The issue of zombification affects more than might originally be obvious, such as what people wear or think. One major area of importance remains the nation’s food supply. Those who shop at big-box stores make up a large portion of the mainstream population and therefore determine supply within the heavily-controlled boundaries of what the stores offer up for purchase. Perhaps reports on factory-farmed beef sales are weighted by contracts between big-box stores and those producers, the infected being largely unquestioning of the back story of the food on display, by way of their disease. In this way, these kinds of stores make perfect breeding grounds, petrie dishes for zombie ‘culture’ to grow like a silent fungal colonial takeover. Meanwhile, the animals in factory farms suffer unspeakably and zombies gobble it up like fresh brains.
Without comment or improvement (more human and humane considerations), the pseudo-places commonly referred to as malls and shopping outlets are projected to remain hot breeding grounds for the zombie virus. The method for infection is largely unrecognized, and therefore unchecked, and infection is thus spreading steadily in the ways postulated above.

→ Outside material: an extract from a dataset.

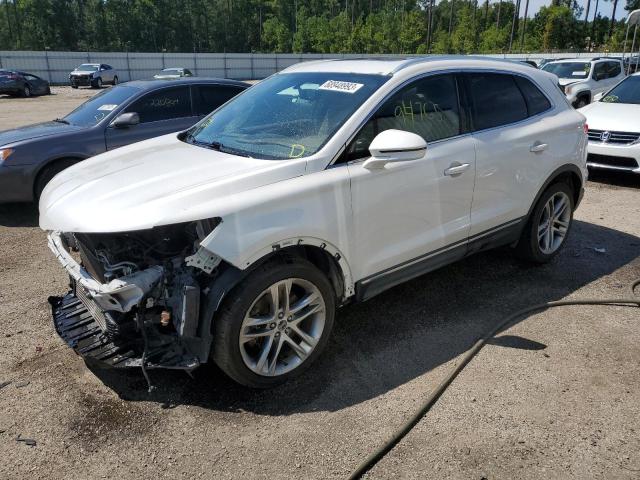 Lincoln Mkc reserv (2016)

The actions one could take in prevention of further spreading of the disease include a general list of basic activism. Letter-writing to Congress, the Senate, and the big-boxes, regular use of the technique of visualization of a much more sane store structure and relationship with suppliers, including accountability for inhumane treatment of food animals and corporate pollution generated by production facilities as well as consideration for local and organic growers, is one major avenue of containment of this plague. It is easy also to boycott, as if one thinks about it, none of the things sold at them are that necessary. The lower prices are not actually low at all, when one stops to account for the loss of life, ecosystem integrity, indigenous communities, and small farms that are just some of the parts of the equation not shown on typical accounting sheets. Shopping instead at local cooperatives, buying directly from local farms, and visiting farmers’ markets are easy and fun ways to change the tide. Another action with concrete results is to create or join a community discussion/action group, one in which members write letters to the editor of local and national newspapers and create artwork to expose and encourage discussion about what is happening inside big-box stores.